Same meta suppression

Downweights subsequent results that contain the same value in a specified metadata field. Same meta suppression is controlled by the following ranking options:

  • same_meta_suppression: Controls the downweight penalty applied for consecutive documents that have the same metadata field value.

    • Range: 0.0-1.0 (default = 0.0)

    • meta_suppression_field: Controls the metadata field used for the comparison. Note: only a single metadata field can be specified.

Example:

query_processor_options= -same_meta_suppression=0.7 -meta_suppression_field=subject

Same collection suppression

Downweights subsequent results that come from the same data source. This provides similar functionality to the search package data source component weighting above and could be used in conjunction with it to provide an increased influence. Same collection suppression is controlled by the following ranking options:

  • same_collection_suppression: Controls the downweight penalty applied for consecutive documents that reside in the same data source.

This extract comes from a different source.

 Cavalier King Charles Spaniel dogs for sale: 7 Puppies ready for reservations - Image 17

    • Range: 0.0-1.0 (default = 0.0)

Example:

	query_processor_options= -same_collection_suppression=0.45

Same title suppression

Downweights subsequent results that contain the same title. Same title suppression is controlled by the following ranking options:

  • title_dup_factor: Controls the downweight penalty applied for consecutive documents that have the same title value.

    • Range: 0.0-1.0 (default = 0.5)

      Setting this value to 1.0 has the effect of disabling same title suppression.

Example:

query_processor_options= -title_dup_factor=0.63

Near-duplicate (very similar) title suppression

Downweights subsequent results that contain near-duplicate (very similar) title. Near-duplicate title suppression is controlled by the following ranking options:

  • near_dup_factor: Controls the downweight penalty applied for consecutive documents that have a near-duplicate title.

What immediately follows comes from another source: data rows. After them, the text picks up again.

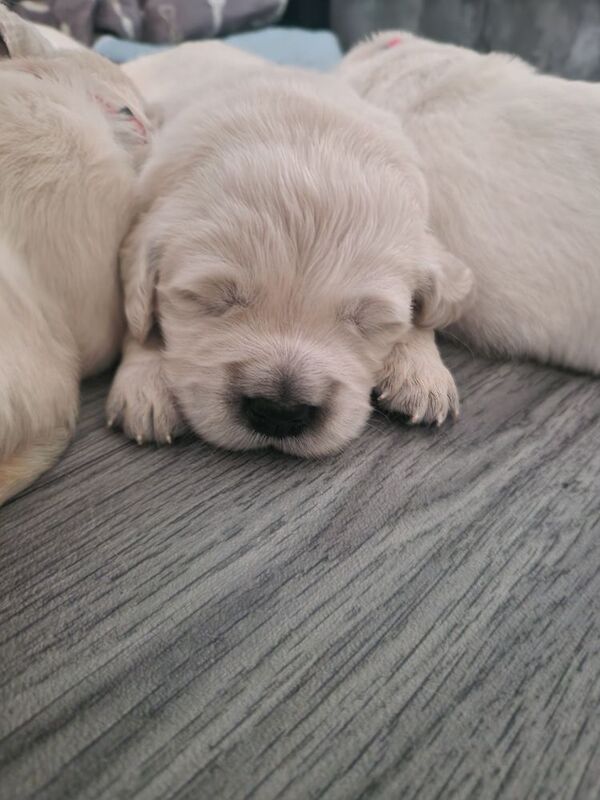 Puppys due 31st may Golden Retriever Puppies – KC Registered, Family Raised Ready to go to their forever homes - Image 4 of 10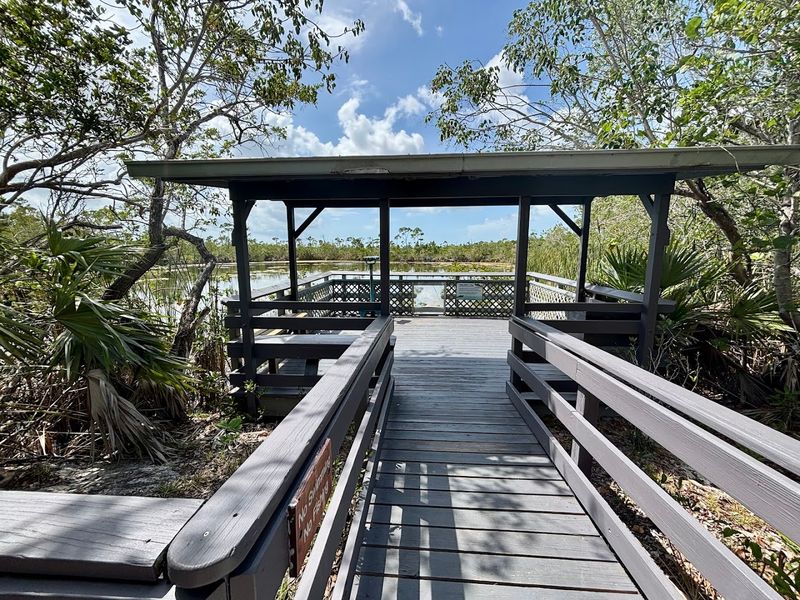 The Fascinating Story Behind the Water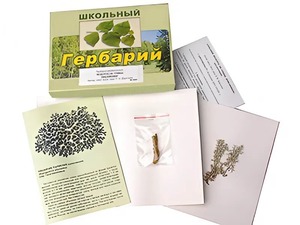 Гербарий "Водоросли. Грибы. Лишайники" (раздаточный) - fgospostavki.ru - Санкт-Петербург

    • Range: 0.0-1.0 (default = 0.5)

      Setting this value to 1.0 has the effect of disabling near-duplicate title suppression.

Example:

query_processor_options= -near_dup_factor=0.63

Result collapsing

Result diversification is automatically disabled if you enable result collapsing.

While not a ranking option, result collapsing can be used to effectively diversify the result set by grouping similar result items together into a single result.

Results are considered to be similar if:

  • They share near-identical content

  • They have identical values in one or a set of metadata fields.

Result collapsing requires a configuration that affects both the indexing and query time behaviour of Funnelback.